(Caption-style text data)
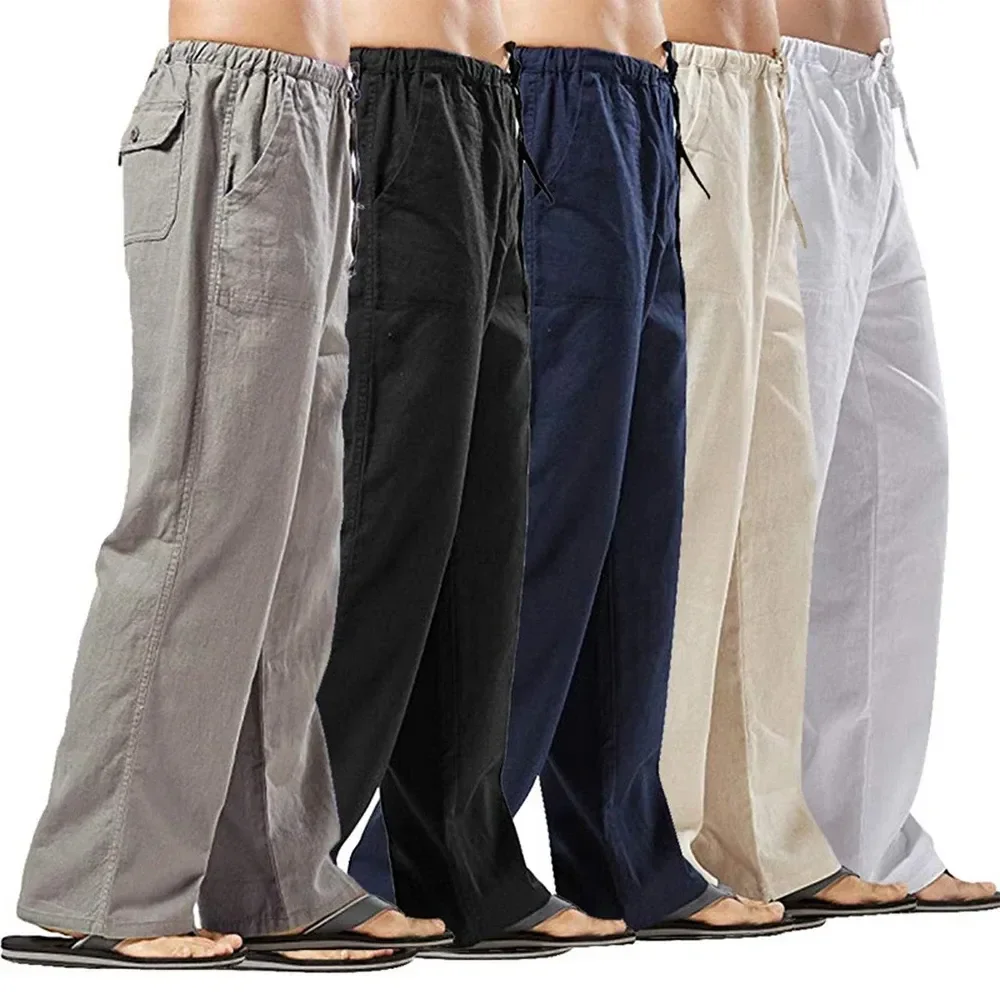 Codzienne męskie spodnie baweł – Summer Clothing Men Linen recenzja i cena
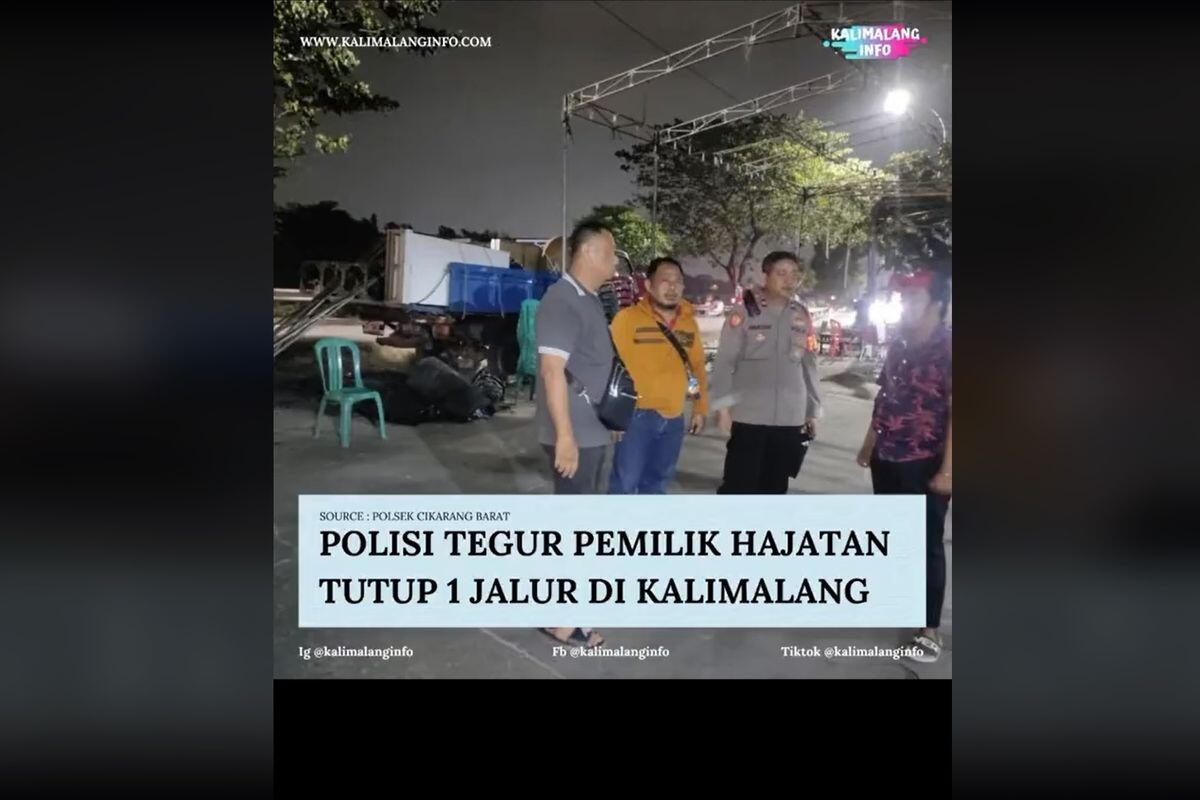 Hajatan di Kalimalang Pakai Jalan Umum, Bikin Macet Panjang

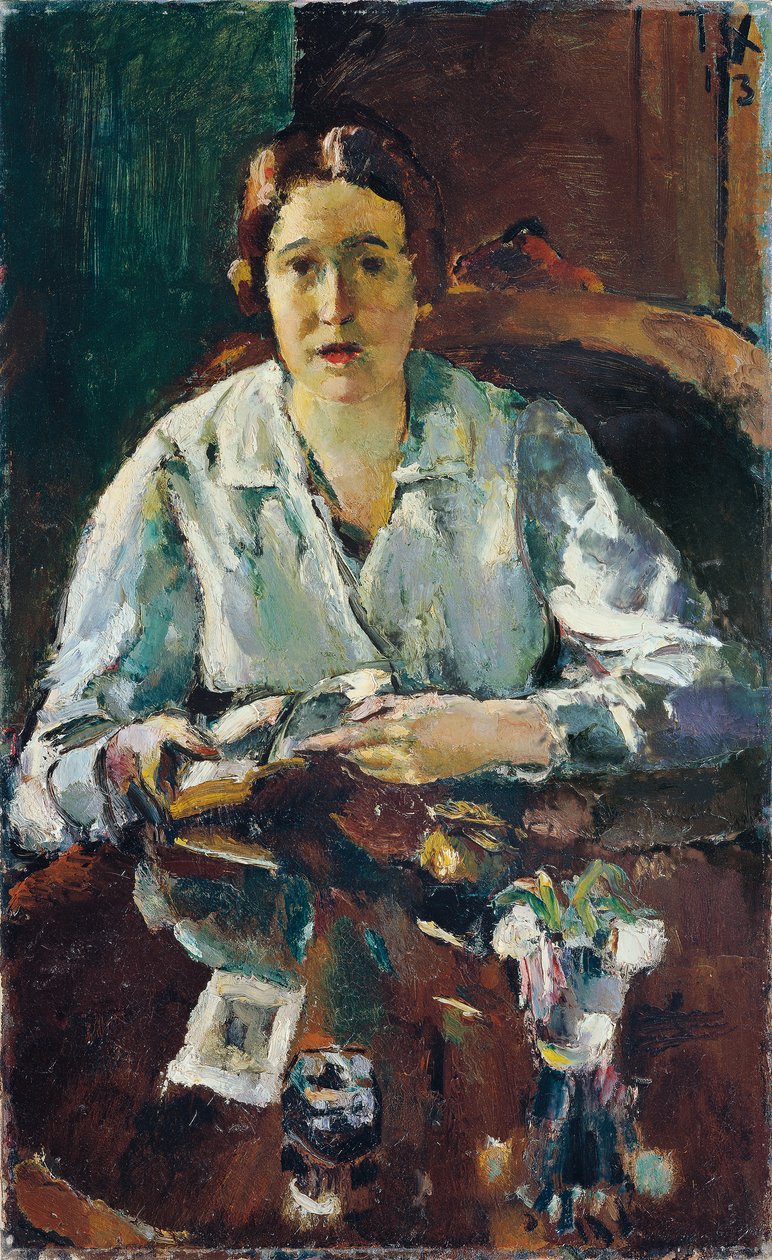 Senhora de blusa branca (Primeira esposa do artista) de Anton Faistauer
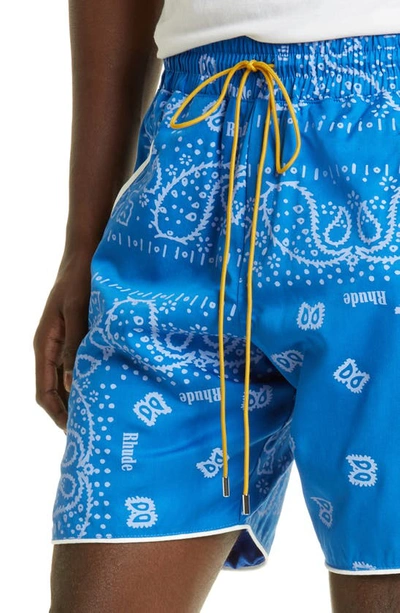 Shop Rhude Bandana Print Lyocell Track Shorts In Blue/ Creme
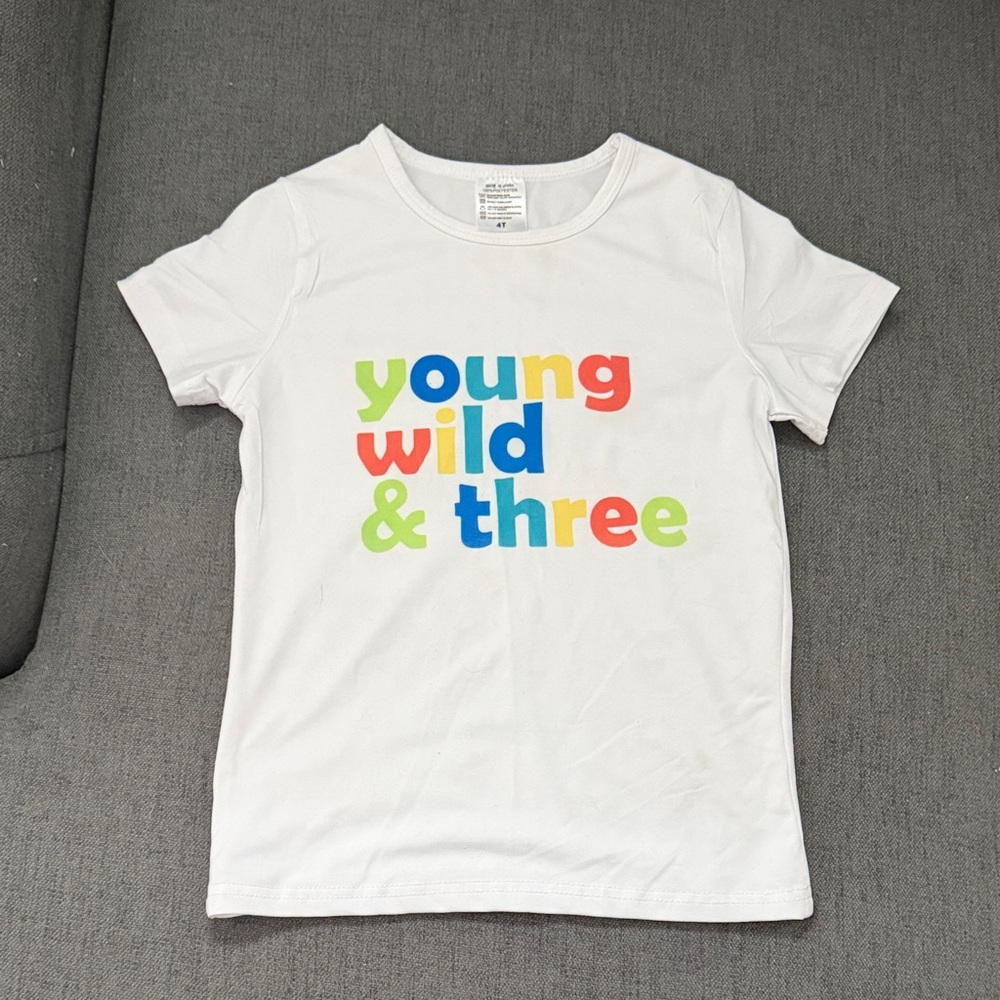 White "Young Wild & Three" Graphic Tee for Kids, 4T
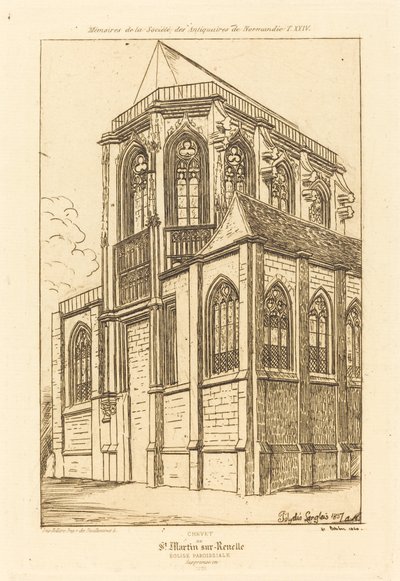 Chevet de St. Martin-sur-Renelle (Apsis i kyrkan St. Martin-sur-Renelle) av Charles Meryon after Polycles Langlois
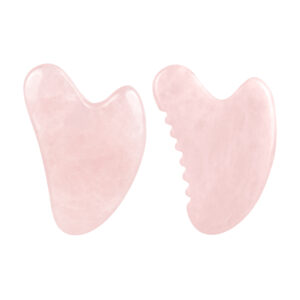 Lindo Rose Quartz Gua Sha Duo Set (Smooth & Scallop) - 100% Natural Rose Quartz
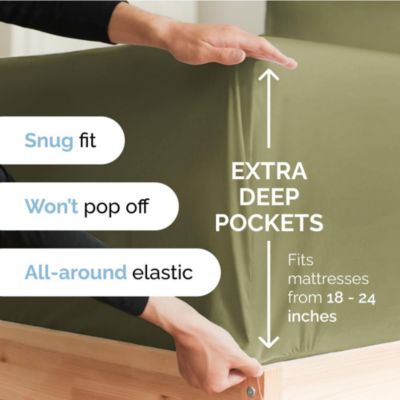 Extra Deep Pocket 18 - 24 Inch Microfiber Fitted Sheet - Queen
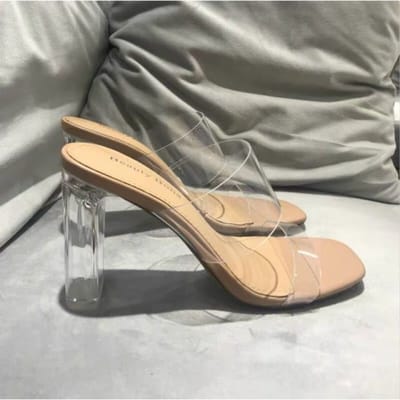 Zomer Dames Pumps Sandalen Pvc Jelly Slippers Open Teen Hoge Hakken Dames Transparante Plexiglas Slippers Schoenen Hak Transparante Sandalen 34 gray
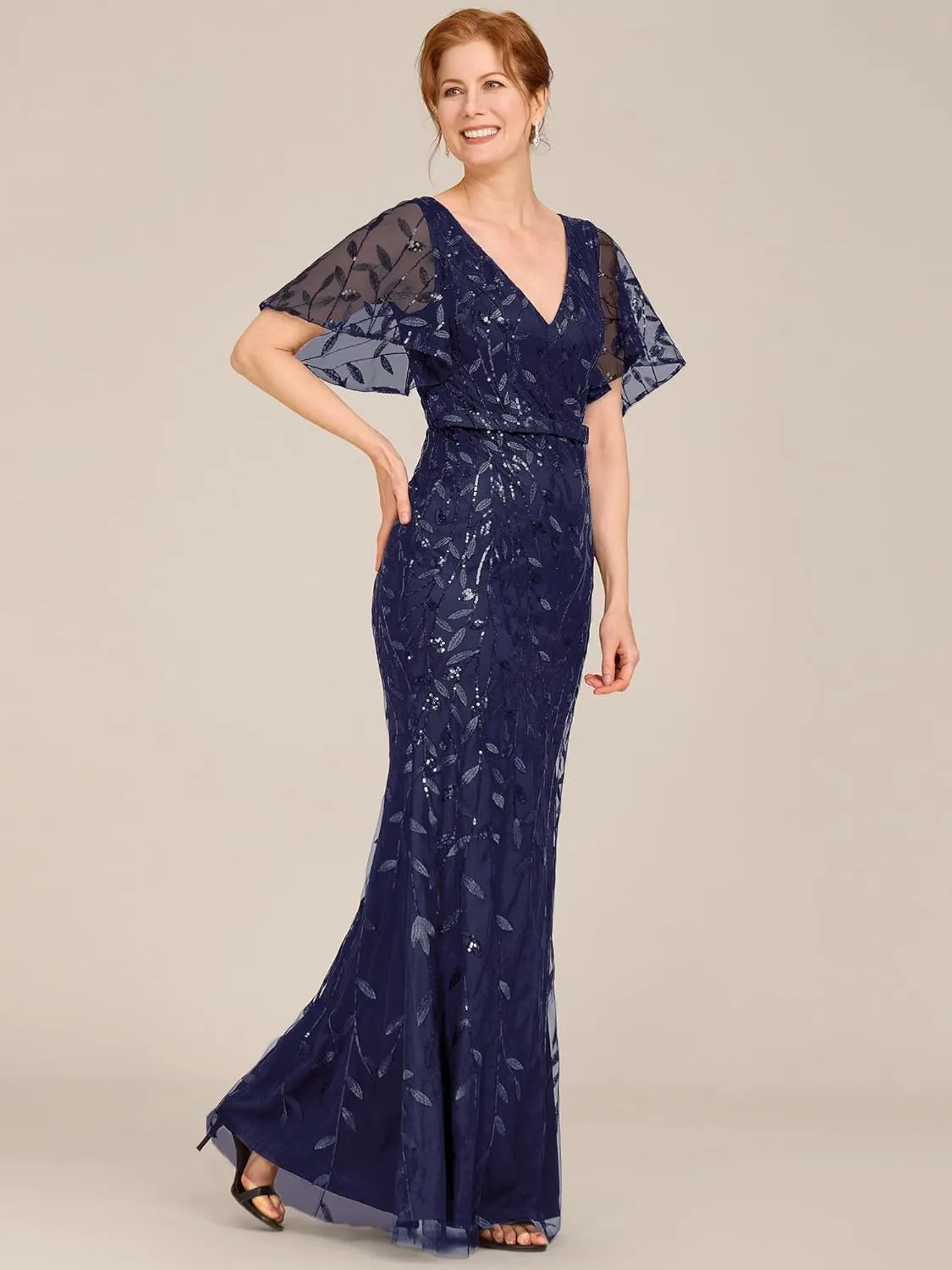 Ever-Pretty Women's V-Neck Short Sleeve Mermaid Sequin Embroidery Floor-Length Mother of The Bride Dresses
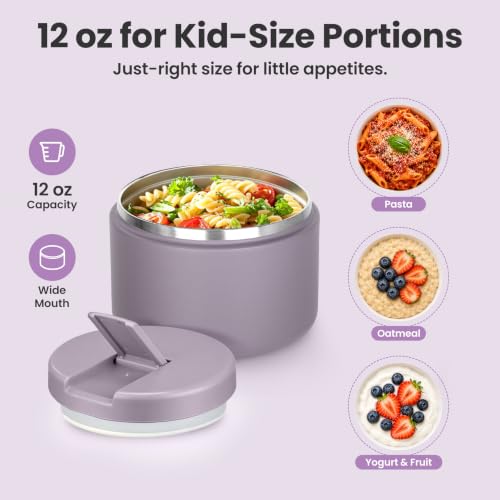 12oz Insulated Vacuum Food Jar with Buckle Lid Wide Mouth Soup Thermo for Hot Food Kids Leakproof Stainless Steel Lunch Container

* [WHAT YOU NEED TO DO]: Every record above must be repeated exactly, with the pictures dropped.

* [EXERCISE RESPONSE]:
 Codzienne męskie spodnie baweł – Summer Clothing Men Linen recenzja i cena
 Hajatan di Kalimalang Pakai Jalan Umum, Bikin Macet Panjang

 Senhora de blusa branca (Primeira esposa do artista) de Anton Faistauer
 Shop Rhude Bandana Print Lyocell Track Shorts In Blue/ Creme
 White "Young Wild & Three" Graphic Tee for Kids, 4T
 Chevet de St. Martin-sur-Renelle (Apsis i kyrkan St. Martin-sur-Renelle) av Charles Meryon after Polycles Langlois
 Lindo Rose Quartz Gua Sha Duo Set (Smooth & Scallop) - 100% Natural Rose Quartz
 Extra Deep Pocket 18 - 24 Inch Microfiber Fitted Sheet - Queen
 Zomer Dames Pumps Sandalen Pvc Jelly Slippers Open Teen Hoge Hakken Dames Transparante Plexiglas Slippers Schoenen Hak Transparante Sandalen 34 gray
 Ever-Pretty Women's V-Neck Short Sleeve Mermaid Sequin Embroidery Floor-Length Mother of The Bride Dresses
 12oz Insulated Vacuum Food Jar with Buckle Lid Wide Mouth Soup Thermo for Hot Food Kids Leakproof Stainless Steel Lunch Container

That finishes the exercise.